Weeknotes, 15th March

Why I’ve started writing weeknotes

It’s Giles Turnbull’s fault. I’ve been meaning to start writing more blog posts for the last five years or so, and never seem to get around to it. Then I read this new website, Doing Weeknotes, and it made me think that this might be a way in. I don’t know how long I’ll stick with it, but seems worth giving it a crack.

Doing weeknotes

Lauren Pope is one of my favourite people to read in the world of content, and she writes weeknotes. That seems like a good recommendation.

Lauren Pope: Weeknotes

Some rules

The first rule is I can change the rules if it seems like they need changing.

But aside from that:

  • Write every Friday
  • Don’t spend more than 30 minutes
  • Write about work stuff, mostly
  • It doesn’t need to be perfect

On that last point: I’ve found that working in content design requires taking a critical eye to writing. That’s good, but it can get in the way of publishing your own writing. Wanting to write clearly and unambiguously sometimes means that writing a blog post takes a long time when you get to editing it. For these weeknotes, I’m going to write and publish quickly, so it won’t always be as clear as it could be.

What I did this week

I’m planning our next training session

I’m running our fourth session of Content Design for EdWeb 2 next Thursday, 21 March. This is a content design training session for web publisher colleagues who are thinking about their site’s upcoming (or recent) migration to our new content management system, EdWeb 2.

Here’s the blurb:

“This session is delivered by the Website and Communications User Experience team and is aimed at Lead Publishers who have completed the EdWeb 2 training. Building on topics covered in the Effective Digital Content online course, this practical workshop looks at how to apply effective digital content design principles to your EdWeb 2 site.”

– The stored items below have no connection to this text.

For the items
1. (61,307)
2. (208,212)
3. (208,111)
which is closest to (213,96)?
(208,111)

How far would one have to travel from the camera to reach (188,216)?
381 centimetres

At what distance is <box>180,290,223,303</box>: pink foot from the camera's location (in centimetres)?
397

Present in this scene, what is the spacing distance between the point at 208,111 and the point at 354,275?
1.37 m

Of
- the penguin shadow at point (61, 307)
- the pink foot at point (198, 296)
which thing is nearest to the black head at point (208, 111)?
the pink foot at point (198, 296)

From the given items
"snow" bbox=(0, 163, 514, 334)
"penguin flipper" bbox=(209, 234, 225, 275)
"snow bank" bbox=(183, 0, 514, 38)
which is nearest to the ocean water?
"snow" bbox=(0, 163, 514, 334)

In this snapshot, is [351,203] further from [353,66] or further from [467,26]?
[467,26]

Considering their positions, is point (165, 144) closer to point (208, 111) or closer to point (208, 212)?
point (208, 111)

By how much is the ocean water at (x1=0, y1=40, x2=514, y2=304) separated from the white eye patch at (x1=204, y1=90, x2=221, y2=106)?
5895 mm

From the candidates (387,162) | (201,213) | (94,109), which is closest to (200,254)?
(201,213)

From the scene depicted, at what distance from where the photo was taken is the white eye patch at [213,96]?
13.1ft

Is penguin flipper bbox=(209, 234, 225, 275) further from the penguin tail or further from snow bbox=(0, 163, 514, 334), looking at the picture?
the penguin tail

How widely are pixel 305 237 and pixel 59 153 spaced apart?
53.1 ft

We’ve been asking attendees to bring along a piece of content that they want to improve. Then we can talk about content design principles and apply them to the examples from the attendees’ websites.

I was a bit nervous about this at first, but it’s gone really well. The examples are real and reflect the messiness of an actual website. Sometimes the topic of a page is complicated and it’s not easy to put it into Plain English.

It’s been good to see publishers show their sites to colleagues. It means they get an outside view on the language used on their site, and on how the content is broken up and organised.

I listened to a podcast about doing content design training for a large organisation

Kind of blew my mind that there’s a podcast about the exact thing I’m working on at the moment.

Here it is:

Training people at a UN Agency to write for their new intranet

Is that really 30 minutes?

Yep. That went faster than I expected.